Munin is a free and open-source computer system monitoring, network monitoring and infrastructure monitoring software application. Munin is written in Perl and uses RRDtool to create graphs, which are accessible over a web interface.Its emphasis is on plug and play capabilities. About 500 monitoring plugins are currently available. It is intended to make it easy to determine 'what's different. Welcome to the Munin Guide. Stable-2.0 master Downloads pdf htmlzip epub On Read the Docs Project Home Builds Free document hosting provided by Read the Docs. Peakhour 4 4 0 4. Munin は Perl で書かれたリソース監視ツール。RRDtool でグラフを作成している。 バージョン情報. 安定版は 2017-10-21 リリースの 2.0.34 で、EPEL リポジトリーで提供されている。 最新評価版は 2017-01-21 リリースの 2.99.3 になる。
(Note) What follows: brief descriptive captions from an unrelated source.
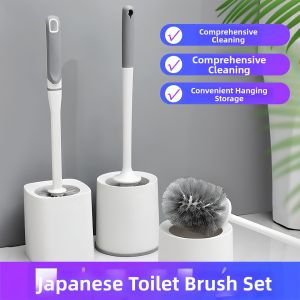 YOULE | Corner-reach Long-handled Toilet Brush with Base for Home Use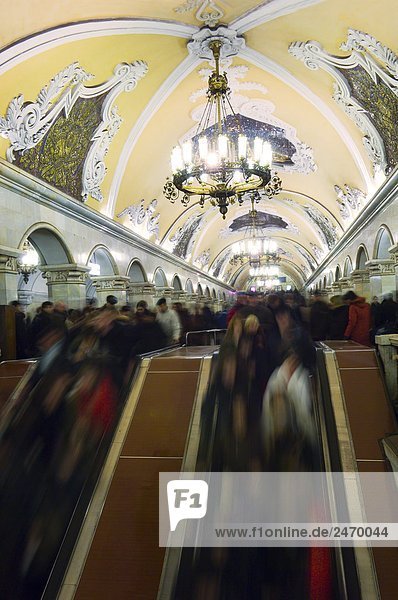 Blurred view of commuters in metro station  Komsomolskaya  Moscow  Russia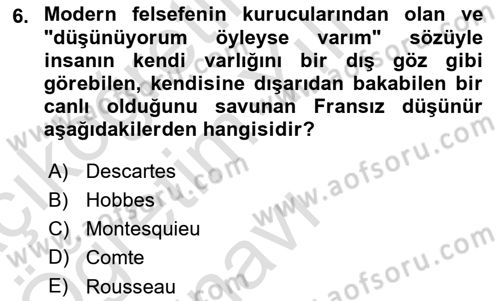 Kültür Sosyolojisi Dersi 2022 - 2023 Yılı Yaz Okulu Sınav Soruları 6. Soru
.
Munin is a program that gives you some graphs about your system that you can visualize from a web page.
there are two parts to this, the server and the client, you can have one server and as many clients (nodes) as you may need, and so from the server you can read the infos from your nodes. in this tutorial i'll show you the most basic setup, you will be able to complicate things on your own.
Installation
on Debian all you need to do is:
apt-get install munin munin-node
Dr fone toolkit for ios 8 6 1. these folders will be created:
- /var/www/munin
- /etc/munin/
- /usr/share/munin/plugins/
server configuration
In /etc/munin/munin.conf there should be:
dbdir /var/lib/munin htmldir /var/www/munin logdir /var/log/munin rundir /var/run/munin
if you want to change something, like htmldir, this is where you do that.
you can also modify (example):
[localhost.localdomain] address 127.0.0.1 use_node_name yes
to
[machinename.lan] address 127.0.0.1 use_node_name yes
this tells the server which nodes it needs to get infos from and there name (can help to know what you are looking at). this would be where you can add your nodes
looking at the graphs
![Muni 10 bus Muni 10 bus](https://www.laseeb.org/munin/Servers/homeserver.laseeb.org/if_enp0s3-week.png)
all you need to do is point your browser to the page defined by htmldir, in this case: /var/www/munin Money pro 2 0 – manage money like a professor.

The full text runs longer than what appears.